Borrowing money

When we’re low on cash and want to buy something, it can be very tempting to borrow money. But before you use your credit card, take out a loan or borrow from the store, make sure you know how much it will really cost you.

Borrowing money is a risky thing to do. If you don’t pay cash you’ll probably end up paying more.

Always remember:

  • Pay on time every time to avoid late fees.
  • Keep your paperwork in a safe place.

Before you ask for credit

Some steps to take:

  • Ask yourself if you really need whatever you plan to buy right away. Can you save up instead?
  • Ask yourself if you can afford to make the repayments.
  • Shop around for the best deal.
  • Find out the terms of the credit before you sign. These will be things like fees and charges, interest rate and repayments.
  • Find out if they make you offer security. Security is something valuable that you own, like your car. If you can’t make your repayments, the lender can take this item away from you.
  • Make sure you check the ‘fine print’. These are conditions or fees usually written in small writing on the contract.

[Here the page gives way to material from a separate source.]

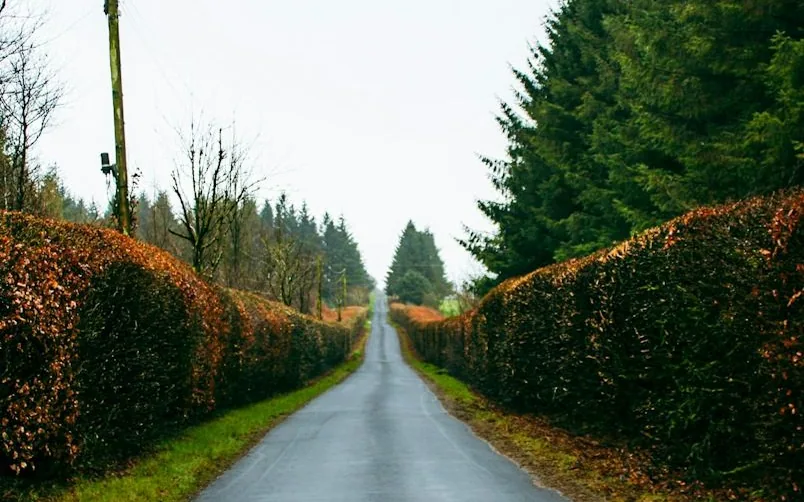 Towcester — local street or road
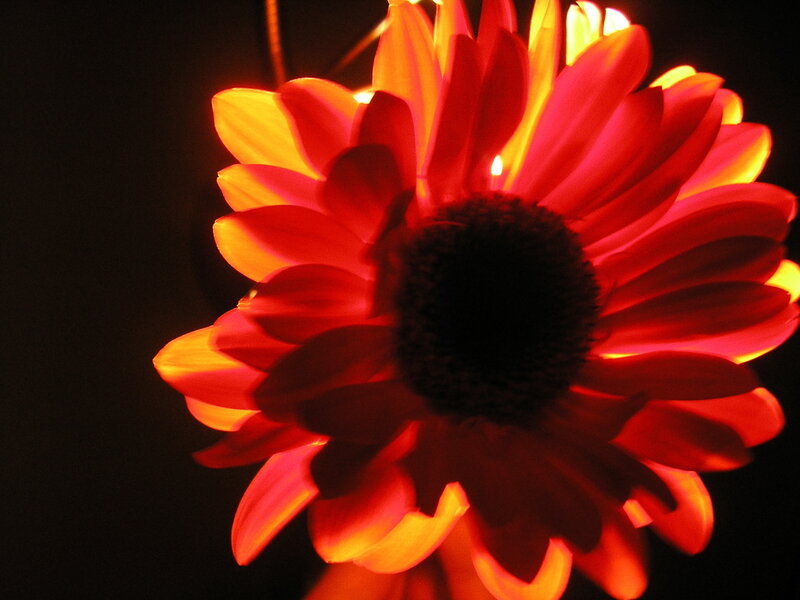 Red Flower in Darkness — Dramatic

The Australian Securities and Investments Commission’s MoneySmart website provides tips and resources for Aboriginal and Torres Strait Islander peoples.

After you get credit

Don’t forget:

  • Make sure you get a copy of the contract
  • Read all your statements (loan, credit or savings accounts) and check the information is right.

If anything’s not right, question it.

If something changes in your life

Sometimes, life throws a big change at you. These changes might make it hard to repay what you owe.

This might happen if:

  • you lose your job
  • you get very sick.

Some lenders will make a new arrangement with you in these situations. You will need to let them know as soon as you can.

Interest-free deals

Interest-free deals can help you buy household goods in a hurry. Remember:

  • Interest-free deals usually only cover a short time.
  • After that, the lender usually charges a lot of interest on any money you still owe.
  • Fees and charges can still apply during the interest-free period.

The best thing to do is pay off as much as you can during the interest-free period. If you pay off the whole lot, then you won’t have to pay any interest at all. Make a plan of how much you will need to repay each pay day and try to stick to it.

Don’t take the risk!

Read the fine print.

Harry and Lola wanted a new boat for their mob to go fishing. They found a bloke in town who offered on-the-spot loans within the hour. They signed his contract right away and borrowed $2,000.

A month later, Harry and Lola got their first loan statement. They found out they were paying 35% interest and some unexpected fees. Lola did some research and learned that the other lenders in town didn’t cost anywhere near that high. They were paying way more than they needed. But they had already signed a contract.

Harry and Lola now have the boat, but they’re also stuck with huge interest payments. They could have avoided that by shopping around, asking questions and reading the fine print on the contract.